[Data to use Boundary: Start]
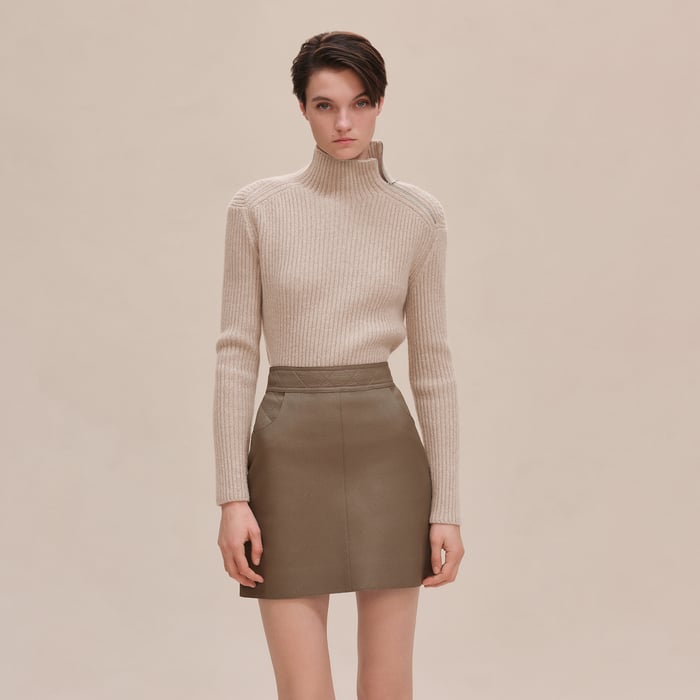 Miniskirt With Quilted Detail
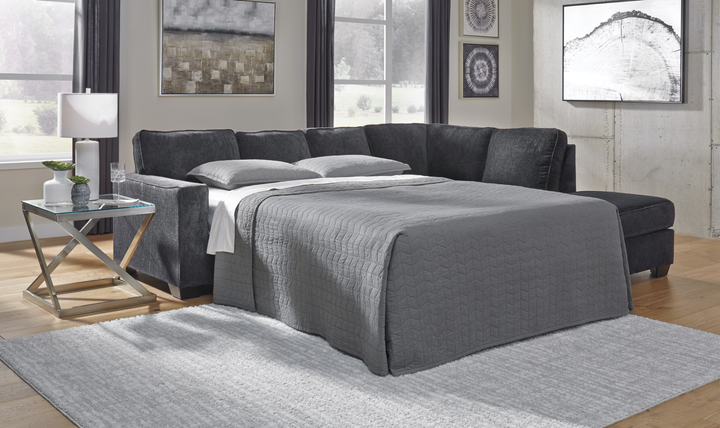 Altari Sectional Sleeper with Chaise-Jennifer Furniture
[Data to use Boundary: End]
[Data to use Boundary: Start]
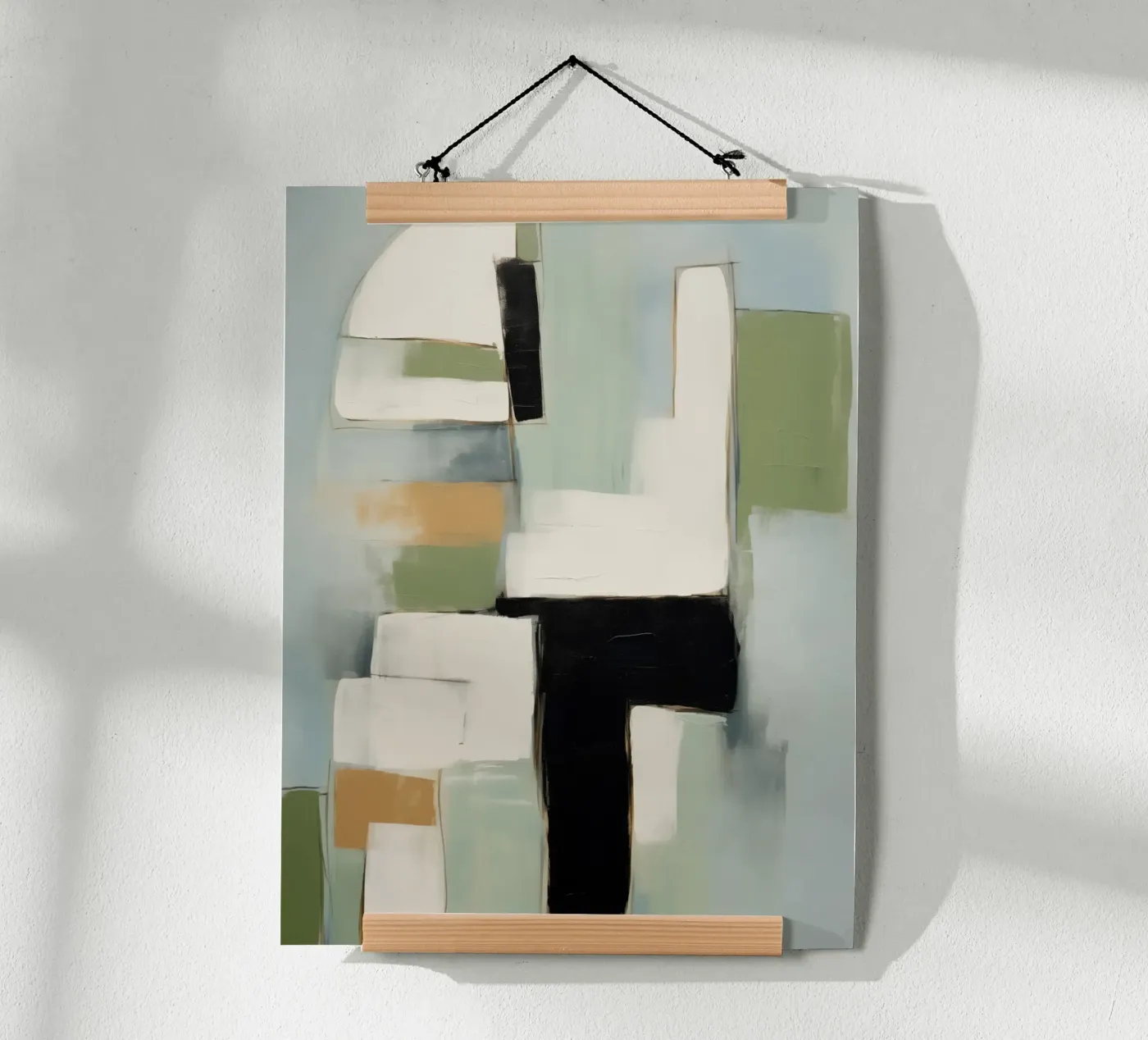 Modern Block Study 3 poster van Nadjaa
[Data to use Boundary: End]
> [Task to complete] If a picture sits between the line containing "Miniskirt With Quilted Detail" and the line containing "Altari Sectional Sleeper", leave it out, and return the lines of that range above exactly, both ends included.

> [Answer to this exercise]
 Miniskirt With Quilted Detail
 Altari Sectional Sleeper with Chaise-Jennifer Furniture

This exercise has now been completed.